● **SUPPLIED DATA**:
━━━━━━

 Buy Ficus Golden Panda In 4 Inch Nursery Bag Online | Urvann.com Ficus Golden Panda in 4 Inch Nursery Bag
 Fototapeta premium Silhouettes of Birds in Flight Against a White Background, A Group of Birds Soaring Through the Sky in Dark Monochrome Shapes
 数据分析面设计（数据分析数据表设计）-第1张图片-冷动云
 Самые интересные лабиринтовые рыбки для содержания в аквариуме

━━━━━━

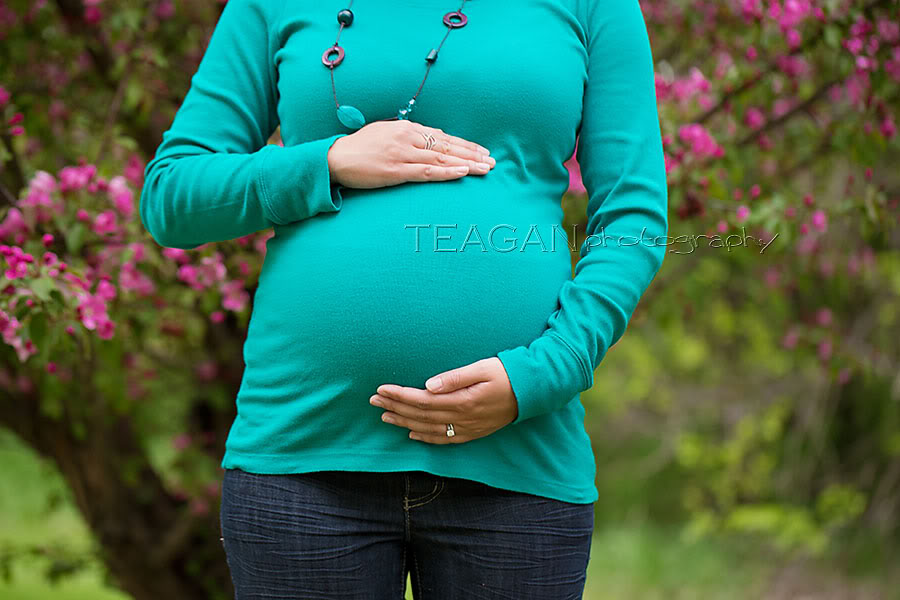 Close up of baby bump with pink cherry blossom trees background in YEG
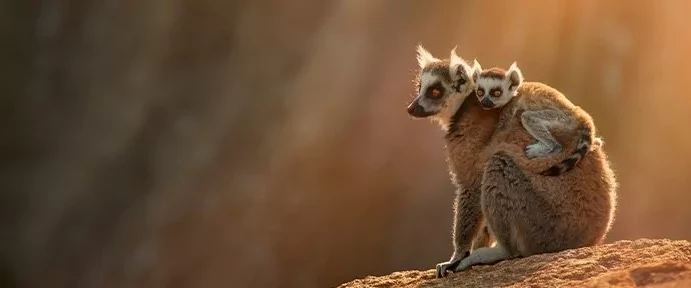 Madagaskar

━━━━━━

● **THE PROBLEM**: Start with the line above that contains "数据分析面设计（数据分析数据表设计）-第1张图片-冷动云" and stop after the line that contains "Самые интересные лабиринтовые". Output those lines exactly, and only those.

● **SOLUTION FOR THIS EXERCISE**:
 数据分析面设计（数据分析数据表设计）-第1张图片-冷动云
 Самые интересные лабиринтовые рыбки для содержания в аквариуме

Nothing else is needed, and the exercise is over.